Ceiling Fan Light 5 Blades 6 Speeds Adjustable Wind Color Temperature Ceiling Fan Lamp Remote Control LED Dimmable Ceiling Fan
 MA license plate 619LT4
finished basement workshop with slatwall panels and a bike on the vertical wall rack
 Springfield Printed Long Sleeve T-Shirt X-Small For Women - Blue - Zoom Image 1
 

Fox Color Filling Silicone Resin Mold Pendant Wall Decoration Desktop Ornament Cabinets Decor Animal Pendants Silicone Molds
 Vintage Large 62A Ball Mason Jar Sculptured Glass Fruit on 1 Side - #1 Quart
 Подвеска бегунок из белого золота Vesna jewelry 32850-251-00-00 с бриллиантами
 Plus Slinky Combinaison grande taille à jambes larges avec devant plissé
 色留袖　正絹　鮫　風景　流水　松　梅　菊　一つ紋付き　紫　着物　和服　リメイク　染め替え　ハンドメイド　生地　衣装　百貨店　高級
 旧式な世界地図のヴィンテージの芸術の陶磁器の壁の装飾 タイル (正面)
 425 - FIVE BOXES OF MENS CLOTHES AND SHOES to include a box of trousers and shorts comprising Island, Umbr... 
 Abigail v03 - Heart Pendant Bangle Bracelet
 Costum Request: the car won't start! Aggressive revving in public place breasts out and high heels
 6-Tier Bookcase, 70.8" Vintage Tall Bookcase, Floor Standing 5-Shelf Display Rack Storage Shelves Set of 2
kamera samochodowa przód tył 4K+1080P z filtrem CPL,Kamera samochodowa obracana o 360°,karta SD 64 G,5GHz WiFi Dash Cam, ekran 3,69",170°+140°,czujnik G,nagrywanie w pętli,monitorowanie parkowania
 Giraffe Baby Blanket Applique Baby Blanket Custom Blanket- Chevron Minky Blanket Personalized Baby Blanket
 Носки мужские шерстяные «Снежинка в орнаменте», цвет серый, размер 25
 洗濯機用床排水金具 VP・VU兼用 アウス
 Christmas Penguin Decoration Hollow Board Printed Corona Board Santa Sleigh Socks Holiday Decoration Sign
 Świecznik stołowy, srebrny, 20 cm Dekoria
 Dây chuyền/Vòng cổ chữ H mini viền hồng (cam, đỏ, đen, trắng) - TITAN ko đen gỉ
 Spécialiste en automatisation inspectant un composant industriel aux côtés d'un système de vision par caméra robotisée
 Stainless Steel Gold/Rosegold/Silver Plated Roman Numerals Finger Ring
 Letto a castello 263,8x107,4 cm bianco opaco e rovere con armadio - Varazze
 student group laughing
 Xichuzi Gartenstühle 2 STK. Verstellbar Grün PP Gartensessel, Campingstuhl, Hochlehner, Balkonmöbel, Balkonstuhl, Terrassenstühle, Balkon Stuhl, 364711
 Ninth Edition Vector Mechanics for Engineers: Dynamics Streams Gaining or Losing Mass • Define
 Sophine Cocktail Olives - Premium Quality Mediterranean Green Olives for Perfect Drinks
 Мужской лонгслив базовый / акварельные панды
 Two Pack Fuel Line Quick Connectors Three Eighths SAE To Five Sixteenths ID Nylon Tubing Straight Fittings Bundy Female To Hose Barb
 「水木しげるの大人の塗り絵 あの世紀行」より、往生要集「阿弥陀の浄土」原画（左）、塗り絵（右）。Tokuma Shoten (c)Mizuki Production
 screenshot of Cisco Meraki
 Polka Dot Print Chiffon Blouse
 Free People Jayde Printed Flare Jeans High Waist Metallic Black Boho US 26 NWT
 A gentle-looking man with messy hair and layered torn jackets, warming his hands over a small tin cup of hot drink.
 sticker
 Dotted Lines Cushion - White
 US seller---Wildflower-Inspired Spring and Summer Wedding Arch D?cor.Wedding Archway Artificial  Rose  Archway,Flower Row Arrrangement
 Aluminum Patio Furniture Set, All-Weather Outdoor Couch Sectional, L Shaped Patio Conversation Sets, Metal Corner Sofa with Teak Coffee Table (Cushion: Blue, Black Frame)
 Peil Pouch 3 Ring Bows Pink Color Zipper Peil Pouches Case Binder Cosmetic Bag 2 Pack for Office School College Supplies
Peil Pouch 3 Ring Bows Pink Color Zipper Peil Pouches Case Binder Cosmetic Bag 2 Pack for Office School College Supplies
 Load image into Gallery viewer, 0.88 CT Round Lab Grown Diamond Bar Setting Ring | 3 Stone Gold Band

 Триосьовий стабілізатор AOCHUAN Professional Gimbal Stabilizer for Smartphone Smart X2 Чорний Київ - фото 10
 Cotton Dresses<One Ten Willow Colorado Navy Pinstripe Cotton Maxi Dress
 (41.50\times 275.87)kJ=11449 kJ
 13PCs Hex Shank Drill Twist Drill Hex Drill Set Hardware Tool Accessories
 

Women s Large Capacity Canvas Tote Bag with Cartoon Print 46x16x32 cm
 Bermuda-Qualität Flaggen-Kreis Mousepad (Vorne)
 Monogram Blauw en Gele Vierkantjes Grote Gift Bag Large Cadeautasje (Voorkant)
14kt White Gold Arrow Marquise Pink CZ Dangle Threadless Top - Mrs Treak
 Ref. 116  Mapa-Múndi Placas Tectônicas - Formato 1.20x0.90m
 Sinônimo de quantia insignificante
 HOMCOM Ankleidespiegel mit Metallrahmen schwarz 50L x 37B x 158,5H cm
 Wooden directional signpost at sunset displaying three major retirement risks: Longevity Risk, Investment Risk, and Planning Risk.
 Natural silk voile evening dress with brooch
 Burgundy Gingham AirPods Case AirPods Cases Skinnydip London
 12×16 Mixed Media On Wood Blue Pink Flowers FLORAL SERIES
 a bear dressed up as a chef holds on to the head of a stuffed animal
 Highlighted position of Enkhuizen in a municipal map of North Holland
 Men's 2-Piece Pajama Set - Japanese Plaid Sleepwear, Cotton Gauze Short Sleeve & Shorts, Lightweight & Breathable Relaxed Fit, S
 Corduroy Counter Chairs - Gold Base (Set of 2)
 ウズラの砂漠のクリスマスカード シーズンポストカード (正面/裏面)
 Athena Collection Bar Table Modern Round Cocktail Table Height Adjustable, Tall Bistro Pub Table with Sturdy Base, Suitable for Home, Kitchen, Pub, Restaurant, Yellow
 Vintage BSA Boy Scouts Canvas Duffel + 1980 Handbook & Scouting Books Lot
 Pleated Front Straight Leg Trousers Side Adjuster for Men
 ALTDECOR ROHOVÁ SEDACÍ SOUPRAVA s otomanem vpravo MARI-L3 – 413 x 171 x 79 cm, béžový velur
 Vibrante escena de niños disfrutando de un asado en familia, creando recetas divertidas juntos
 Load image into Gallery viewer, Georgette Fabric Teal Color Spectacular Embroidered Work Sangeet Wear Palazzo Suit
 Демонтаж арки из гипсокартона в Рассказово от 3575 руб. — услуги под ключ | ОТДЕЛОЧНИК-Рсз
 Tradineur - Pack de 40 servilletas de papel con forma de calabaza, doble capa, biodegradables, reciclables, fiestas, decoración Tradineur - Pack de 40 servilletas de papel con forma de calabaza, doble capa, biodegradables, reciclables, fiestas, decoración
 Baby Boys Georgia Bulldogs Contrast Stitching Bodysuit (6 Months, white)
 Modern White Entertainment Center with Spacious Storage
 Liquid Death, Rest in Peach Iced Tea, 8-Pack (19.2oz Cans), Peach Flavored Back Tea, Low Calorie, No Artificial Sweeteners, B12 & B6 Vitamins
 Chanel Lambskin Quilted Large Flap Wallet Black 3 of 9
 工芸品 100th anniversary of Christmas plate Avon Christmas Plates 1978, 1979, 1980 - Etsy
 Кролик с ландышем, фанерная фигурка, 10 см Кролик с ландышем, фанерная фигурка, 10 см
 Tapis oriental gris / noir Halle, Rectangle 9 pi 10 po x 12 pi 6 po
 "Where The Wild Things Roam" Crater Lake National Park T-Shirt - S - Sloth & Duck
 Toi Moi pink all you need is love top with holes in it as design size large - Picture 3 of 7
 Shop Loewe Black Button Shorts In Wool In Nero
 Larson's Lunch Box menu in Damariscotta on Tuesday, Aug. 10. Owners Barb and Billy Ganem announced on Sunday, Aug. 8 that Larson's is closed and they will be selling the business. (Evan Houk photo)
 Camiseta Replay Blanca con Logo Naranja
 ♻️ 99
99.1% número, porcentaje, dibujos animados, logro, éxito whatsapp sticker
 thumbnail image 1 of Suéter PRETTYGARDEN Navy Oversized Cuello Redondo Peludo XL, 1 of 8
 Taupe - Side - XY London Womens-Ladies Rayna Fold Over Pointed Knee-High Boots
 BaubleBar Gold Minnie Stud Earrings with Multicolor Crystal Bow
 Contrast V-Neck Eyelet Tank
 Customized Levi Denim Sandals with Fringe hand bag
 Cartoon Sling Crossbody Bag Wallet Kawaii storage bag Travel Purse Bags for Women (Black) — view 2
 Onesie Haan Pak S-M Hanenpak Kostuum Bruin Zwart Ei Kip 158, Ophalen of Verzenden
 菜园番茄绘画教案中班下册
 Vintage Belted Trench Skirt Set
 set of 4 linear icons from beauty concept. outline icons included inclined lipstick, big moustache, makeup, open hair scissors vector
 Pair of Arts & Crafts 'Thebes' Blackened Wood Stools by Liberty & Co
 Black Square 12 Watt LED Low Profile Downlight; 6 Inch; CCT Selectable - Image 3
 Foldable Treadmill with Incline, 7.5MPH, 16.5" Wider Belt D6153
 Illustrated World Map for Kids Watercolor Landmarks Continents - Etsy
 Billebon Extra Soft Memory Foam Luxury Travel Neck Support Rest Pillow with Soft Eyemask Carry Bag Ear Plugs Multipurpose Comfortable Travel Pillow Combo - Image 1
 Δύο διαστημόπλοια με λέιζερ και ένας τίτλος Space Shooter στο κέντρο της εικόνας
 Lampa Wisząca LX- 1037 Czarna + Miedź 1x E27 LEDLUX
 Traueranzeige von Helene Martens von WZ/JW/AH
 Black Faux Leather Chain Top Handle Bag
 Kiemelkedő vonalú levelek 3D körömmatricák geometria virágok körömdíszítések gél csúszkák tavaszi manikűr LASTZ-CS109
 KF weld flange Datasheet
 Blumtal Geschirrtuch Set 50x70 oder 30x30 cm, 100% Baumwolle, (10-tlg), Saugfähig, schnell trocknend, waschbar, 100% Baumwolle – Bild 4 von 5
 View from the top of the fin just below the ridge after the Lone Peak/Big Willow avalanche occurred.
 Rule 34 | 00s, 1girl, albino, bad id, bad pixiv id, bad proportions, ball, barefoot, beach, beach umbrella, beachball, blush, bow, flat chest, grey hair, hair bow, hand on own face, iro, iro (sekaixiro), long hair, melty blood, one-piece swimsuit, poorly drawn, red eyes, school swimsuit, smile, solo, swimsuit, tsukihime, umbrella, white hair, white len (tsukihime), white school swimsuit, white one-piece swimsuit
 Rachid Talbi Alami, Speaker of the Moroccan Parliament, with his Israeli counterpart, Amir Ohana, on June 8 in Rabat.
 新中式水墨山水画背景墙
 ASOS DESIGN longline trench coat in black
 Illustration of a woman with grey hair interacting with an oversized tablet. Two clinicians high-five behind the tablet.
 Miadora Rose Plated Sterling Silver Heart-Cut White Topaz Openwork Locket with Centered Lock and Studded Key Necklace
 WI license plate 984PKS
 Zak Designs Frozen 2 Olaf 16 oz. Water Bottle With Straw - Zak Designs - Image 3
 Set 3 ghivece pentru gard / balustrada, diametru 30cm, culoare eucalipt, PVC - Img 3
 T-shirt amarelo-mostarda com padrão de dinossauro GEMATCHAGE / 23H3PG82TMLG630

* _TASK BRIEF_
Scan the material above. Copy each line where "license" occurs.

* _REPLY TO THE TASK_
 MA license plate 619LT4
 WI license plate 984PKS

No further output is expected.